The transport minister, Pongsak Raktapongpisal, told Bangkok radio that Thaksin would head the meeting on Tuesday in order to "discuss new measures to stimulate the economy".

Thaksin had already resumed some of his duties on Monday, including trying to tackle the Muslim insurgency in the south of the country.

Rumours of full comeback were fuelled by a spokesman, Suraphong Suebwonglee, who said that Thaksin may ask the cabinet to revoke a resolution that appointed Chitchai Wannasathit as caretaker prime minister.

A return could prompt renewed street protests by Thaksin's critics. The previous protests led to a snap election on April 2 that was boycotted by the opposition, and prompted the prime minister to step down saying he was "taking a break from politics".

Political chaos has prevailed in Thailand since then.
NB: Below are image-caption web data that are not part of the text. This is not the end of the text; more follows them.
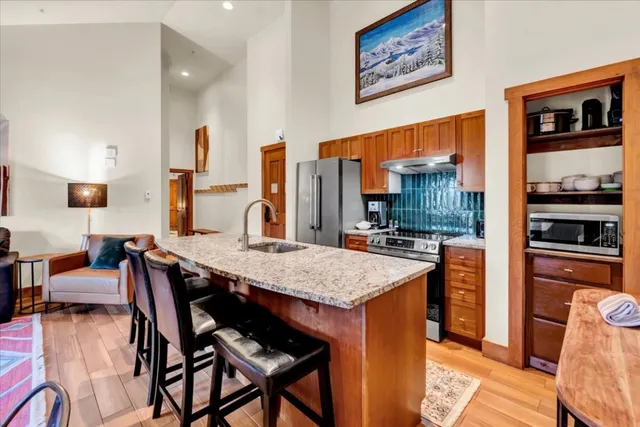 a kitchen with stainless steel appliances granite countertop a stove a refrigerator a kitchen island and chairs in it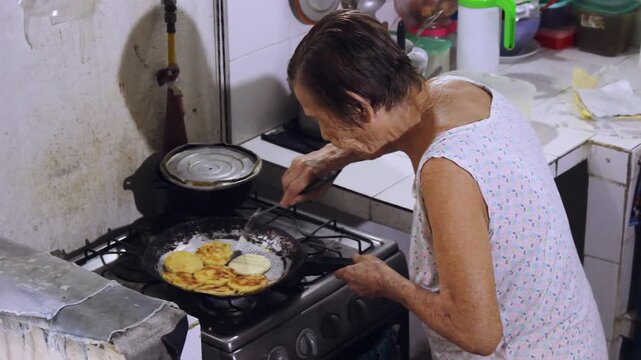 An elderly wrinkled Hispanic woman is grilling cornmeal arepas in a pan on a stove inside her home in Neiva, Huila, Colombia. Concept of healthy lifestyle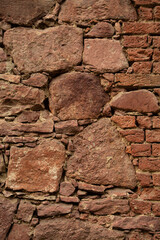 Close up. Old red wall made of various sizes  stone and bricks. Background or texture. 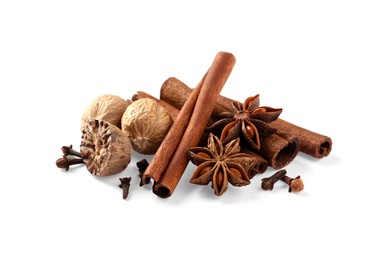 Heap of different spices on white background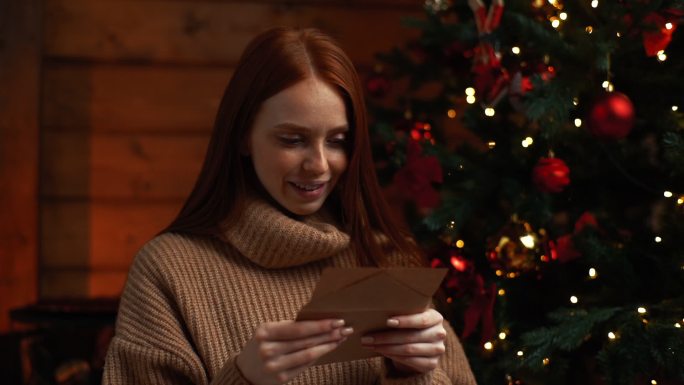 一位微笑的年轻女子正在阅读圣诞卡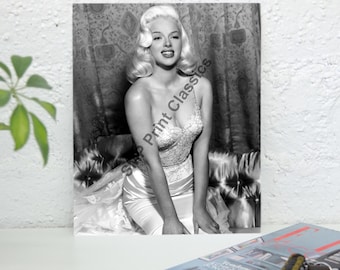 Könnte beinhalten: Schwarzweißfoto einer Frau mit blonden Haaren, die ein glitzerndes, tief ausgeschnittenes Kleid trägt. Sie sitzt auf einem Sofa mit einem gemusterten Stoff.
The elections have been declared unlawful and the king and supreme court have intervened in setting a date for a new election.

Guarded reaction

Thaksin said at the weekend that it was time he got back to work with no new election date yet set and in the country still in the hands of a caretaker government.

He told reporters gathered at his office: "Yes, I will have to work because there are several months before the election, otherwise the country will deteriorate."

Opposition political parties have not yet outlined how they would react to a comeback.

Thaksin's return could prompt a
repeat of street protests in March

Chuan Leekpai, a former prime minister and chief adviser to the opposition Democrat party, said: "Everyone is confused by Thaksin's action.

"He is playing with the country like a kid with a toy. One day he wants to be prime minister and the next he doesn't want to. I would like to warn Thaksin that the country is not a toy for him to play around with."

Suriyasai Katasila, a spokesman for the People's Alliance for Democracy that organised earlier protests, said more street demonstrations would be held, but only after celebrations next month marking the 60th anniversary on the throne of King Bhumibol Adulyadej.

Continued uncertainty

On Monday, the Election Commission proposed a further delay in plans for new elections until October 29, after Muslim officials said the earlier date, October 22, conflicted with the Islamic fasting month of Ramadan.

"I would like to warn Thaksin that the country is not a toy for him to play around with"

Chuan Leekpai, former prime minister

But neither date may hold since the commissioners are under pressure from the country's  courts as well as opposition political parties to step down over claims that they unfairly favour Thaksin's government.

Last month, the king urged the courts to end the political stalemate resulting from the election. The courts duly invalidated the balloting, won by Thaksin's Thai Rak Thai party.